-------- LISTED RECORDS

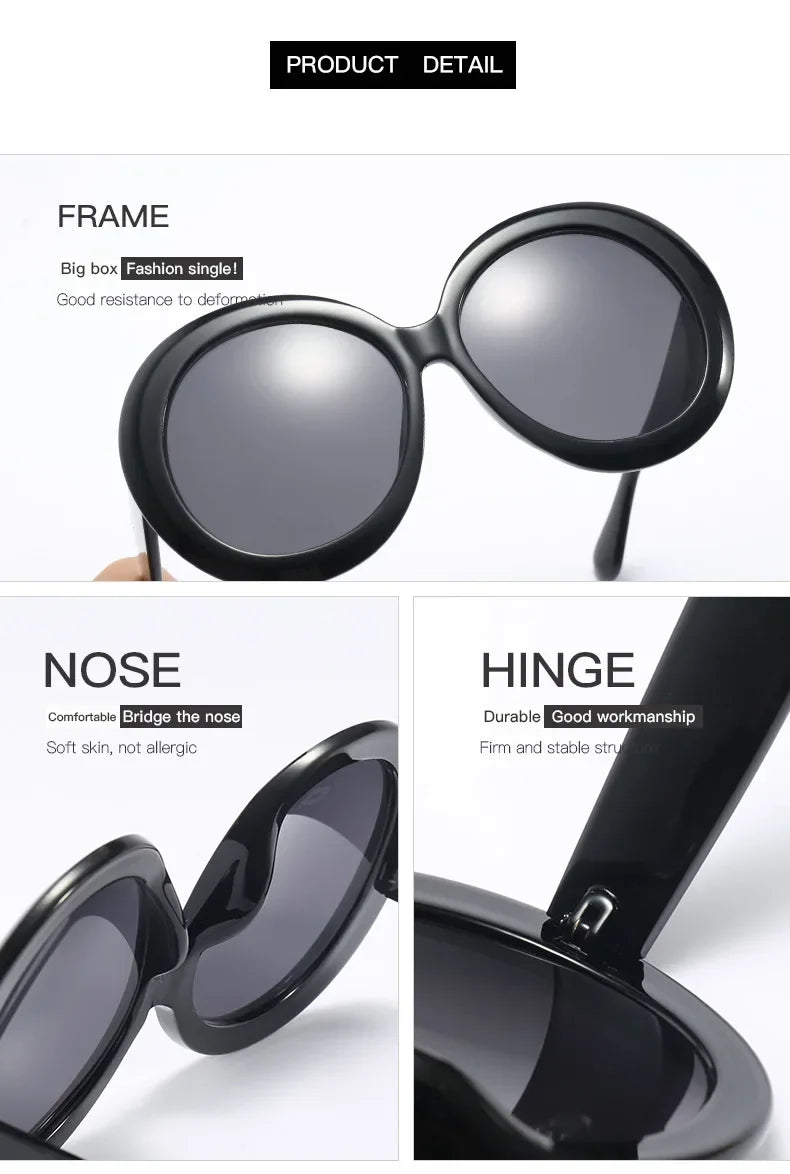Oversized Round Sunglasses Women Men Luxury Brand Big Frame Sun Glasses Goggles Large Shades Unisex Riding Eyeglasses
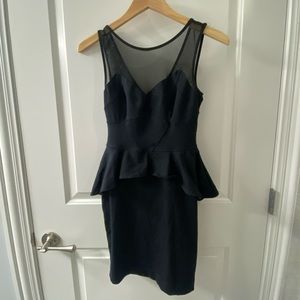 Black Bebe Peplum Bodycon Dress - XS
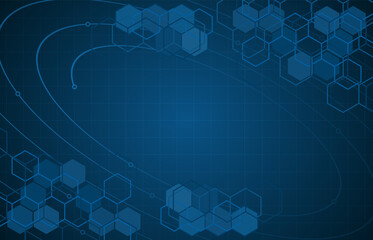 Geometric abstract background with hexagons.digital technology ,science, or medicine background.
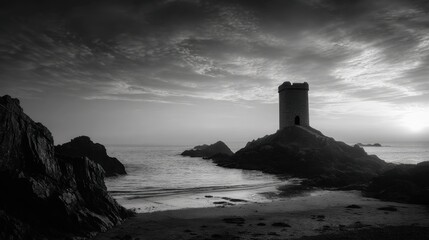A coastal tower rises from the rocks silhouetted against a twilight sky filled with clouds. The calm waters reflect the fading light creating a serene atmosphere by the shore.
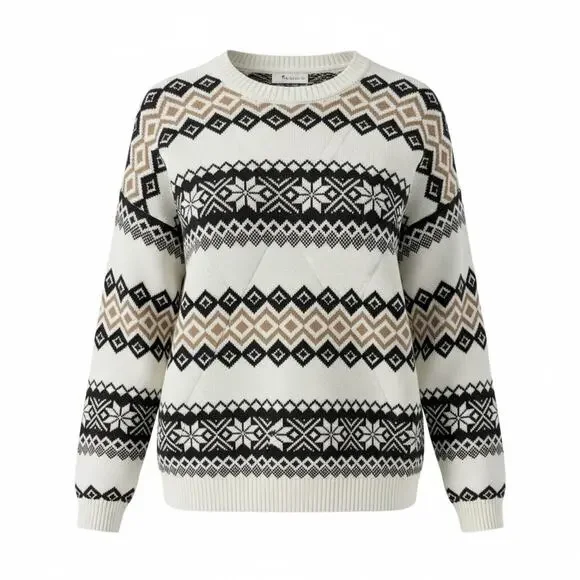 Hollister Women’s S Small Oversized Crewneck Sweater Fair Isle Cream Black Tan - Picture 2 of 14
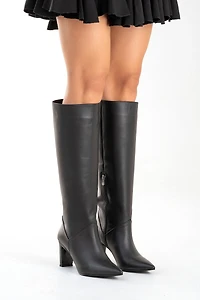 Forever & Always Womens Merla Leather Block Heel Boot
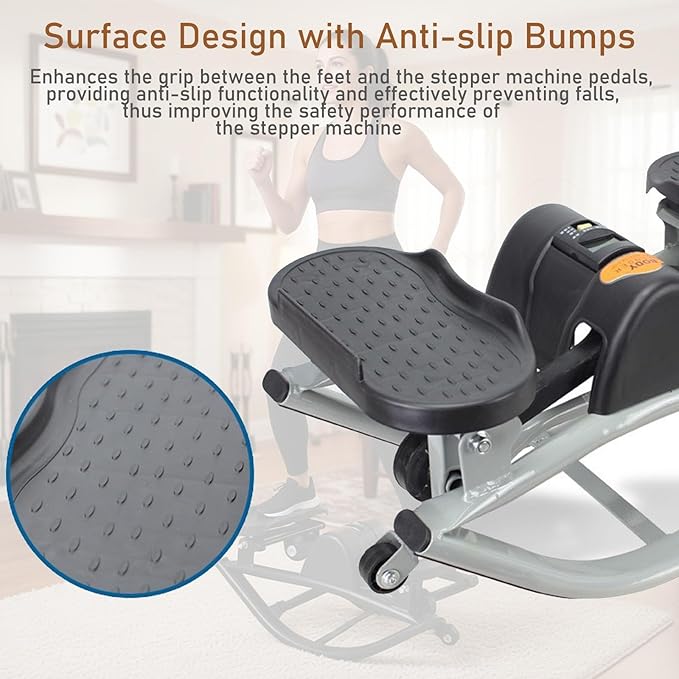 Rock Stepper Machine for Home Exercise, Compact Side to Side Lateral Stepper with Resistance Bands, No Assembly Required, Portable Mini Stepper for Apartment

----------------

▶ **WHAT NEEDS TO BE DONE**
From the material above, give again exactly the lines from the one that contains "A coastal tower" through the one that contains "Forever & Always", and leave out the pictures.

▶ **RESULT FOR THIS EXERCISE**
A coastal tower rises from the rocks silhouetted against a twilight sky filled with clouds. The calm waters reflect the fading light creating a serene atmosphere by the shore.
 Hollister Women’s S Small Oversized Crewneck Sweater Fair Isle Cream Black Tan - Picture 2 of 14
 Forever & Always Womens Merla Leather Block Heel Boot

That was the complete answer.